In short, admissions officers at both private and public universities have been doing exactly what Justice Powell, in the landmark 1978 decision, Regents of the University of California v. Bakke, said that they should be allowed to do: pursuing “race-sensitive” admissions policies that entail considering race among other factors. They have been weighing considerations that are both objective (advanced-placement courses taken in high school, for example) and subjective (indications of drive, intellectual curiosity, leadership ability, and so on). And they have been selecting very well. According to all the available evidence, minority students admitted to academically selective colleges and universities as long ago as the mid-1970s have been shown to be successful in completing rigorous graduate programs, doing well in the marketplace, and, most notably, contributing in the civic arena out of all proportion to their numbers.
Minority candidates are, of course, by no means the only group of applicants to receive special consideration. Colleges and universities have long paid special attention to children of alumni, to “development cases,” to applicants who come from poor families or who have otherwise overcome special obstacles, to applicants who will add to the geographic (including international) diversity of the student body, to students with special talents in fields such as music, and, especially in recent years, to athletes. Some readers may be surprised to learn from Reclaiming the Game that recruited athletes at many selective colleges are far more advantaged in the admissions process (that is, are much more likely to be admitted at a given SAT level) than are minority candidates.
A related topic deserves some emphasis, and that is the issue of “quotas.” There is not space here to discuss the subject in detail, but one point is important to clarify. The fact that the percentage of minority students in many colleges and universities does not fluctuate substantially from year to year is in no sense prima facie evidence that quotas are being used. Anyone familiar with admissions processes -- and with their basic statistics -- knows that percentages for virtually all subgroups of any reasonable size are remarkably consistent from year to year. That is because the size of the college-going population does not change significantly on an annual basis, nor do the number and quality of secondary schools from which institutions draw applications, nor does the number of qualified candidates. All of these numbers are very stable, and it is therefore not at all surprising that incoming college classes should change very little in their composition from year to year. (For example, we suspect that the fraction of an entering class wearing eyeglasses is remarkably consistent from year to year, but that would hardly persuade us that an eyeglass quota is being imposed.)

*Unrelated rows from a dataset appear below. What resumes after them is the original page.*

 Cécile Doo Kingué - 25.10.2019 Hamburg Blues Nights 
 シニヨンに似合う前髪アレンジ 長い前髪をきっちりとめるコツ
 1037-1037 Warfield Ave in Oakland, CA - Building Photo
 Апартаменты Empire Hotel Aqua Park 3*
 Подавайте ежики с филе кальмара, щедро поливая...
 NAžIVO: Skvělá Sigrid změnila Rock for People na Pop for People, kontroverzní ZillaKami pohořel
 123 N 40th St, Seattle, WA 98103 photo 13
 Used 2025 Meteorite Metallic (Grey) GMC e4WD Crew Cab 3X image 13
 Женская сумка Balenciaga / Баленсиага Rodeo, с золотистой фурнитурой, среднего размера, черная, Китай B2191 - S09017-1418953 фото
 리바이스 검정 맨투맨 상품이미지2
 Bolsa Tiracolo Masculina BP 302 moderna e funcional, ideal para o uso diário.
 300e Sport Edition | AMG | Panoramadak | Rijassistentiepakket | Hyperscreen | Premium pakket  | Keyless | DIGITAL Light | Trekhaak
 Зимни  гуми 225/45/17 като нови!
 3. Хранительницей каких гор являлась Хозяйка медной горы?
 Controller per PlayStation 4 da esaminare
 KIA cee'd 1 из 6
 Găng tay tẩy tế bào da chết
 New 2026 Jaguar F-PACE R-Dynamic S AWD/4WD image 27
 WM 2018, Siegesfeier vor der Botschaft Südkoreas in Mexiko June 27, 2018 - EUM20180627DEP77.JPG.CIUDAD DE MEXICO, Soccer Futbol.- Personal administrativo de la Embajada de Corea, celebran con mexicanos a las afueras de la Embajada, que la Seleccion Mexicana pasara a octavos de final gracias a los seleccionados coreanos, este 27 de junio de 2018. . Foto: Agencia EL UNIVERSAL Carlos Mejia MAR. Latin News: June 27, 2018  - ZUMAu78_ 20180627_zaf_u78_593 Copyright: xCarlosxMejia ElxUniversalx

4. Selectivity and “merit” involve predictions about on-campus learning environments and future contributions to society.
One of the most common misconceptions is that candidates who have scored above some level or earned a certain grade-point average “deserve” a place in an academically selective institution. That “entitlement” notion is squarely at odds with the fundamental principle that, in choosing among a large number of well-qualified applicants, all of whom are over a high threshold, colleges and universities are making bets on the future, not giving rewards for prior accomplishments. Institutions are meant to take well-considered risks. That can involve turning down candidate “A” (who is entirely admissible but does not stand out in any particular way) in favor of candidate “B” (who is expected to contribute more to the educational milieu of the institution and appears to have better long-term prospects of making a major contribution to society). All applicants, of course, deserve to be evaluated fairly, which means treating them the same way as other similarly situated candidates; but, in the words of Lee Bollinger, president of Columbia University and former president of the University of Michigan, “there is no right to be admitted to a university without regard to how the overall makeup of the student body will affect the educational process or without regard to the needs of the society....” “Merit” is not a simple concept. It has certainly never meant admitting all the valedictorians who apply, or choosing students strictly on the basis of test scores and GPAs.
An elaborate admissions process, which focuses on the particular characteristics of individuals within many subgroups -- and on those of the entire pool of applicants -- is designed to craft a class that will, in its diversity, be a potent source of educational vitality. Colleges use a variety of procedures to take account of race, and it is essential that differences of opinion concerning the wisdom (or even the legality) of any single approach not lead to an outcome that precludes other approaches.
5. Paying special attention to any group in making admissions decisions entails costs; but the costs of race-sensitive admissions have been modest and well-justified by the benefits.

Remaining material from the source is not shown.